WHAT IS BEING ASKED: Once you reach the line that contains "MOAB SPEED 2 GTX M navy night", retype it and each later line exactly as written, stopping only at the end of the listing.

RECORDS FOR THE TASK:
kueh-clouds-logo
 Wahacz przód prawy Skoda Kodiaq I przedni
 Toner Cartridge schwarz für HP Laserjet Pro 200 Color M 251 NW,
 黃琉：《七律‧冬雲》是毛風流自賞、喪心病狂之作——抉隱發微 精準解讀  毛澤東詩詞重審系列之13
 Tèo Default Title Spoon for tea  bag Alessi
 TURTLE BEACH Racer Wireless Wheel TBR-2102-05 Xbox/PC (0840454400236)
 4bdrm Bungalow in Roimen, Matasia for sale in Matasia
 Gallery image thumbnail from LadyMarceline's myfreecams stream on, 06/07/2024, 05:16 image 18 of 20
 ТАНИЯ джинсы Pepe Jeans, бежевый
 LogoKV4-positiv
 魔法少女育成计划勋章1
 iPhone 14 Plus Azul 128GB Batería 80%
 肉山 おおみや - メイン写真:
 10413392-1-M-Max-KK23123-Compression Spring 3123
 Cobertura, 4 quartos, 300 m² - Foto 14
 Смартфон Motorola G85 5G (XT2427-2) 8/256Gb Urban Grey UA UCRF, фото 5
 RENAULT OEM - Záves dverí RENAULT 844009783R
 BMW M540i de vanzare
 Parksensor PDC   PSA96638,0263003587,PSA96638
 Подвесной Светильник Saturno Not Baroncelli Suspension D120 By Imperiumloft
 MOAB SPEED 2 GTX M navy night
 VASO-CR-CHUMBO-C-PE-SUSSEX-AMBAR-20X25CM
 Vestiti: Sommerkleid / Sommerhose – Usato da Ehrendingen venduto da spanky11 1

EXERCISE RESPONSE:
 MOAB SPEED 2 GTX M navy night
 VASO-CR-CHUMBO-C-PE-SUSSEX-AMBAR-20X25CM
 Vestiti: Sommerkleid / Sommerhose – Usato da Ehrendingen venduto da spanky11 1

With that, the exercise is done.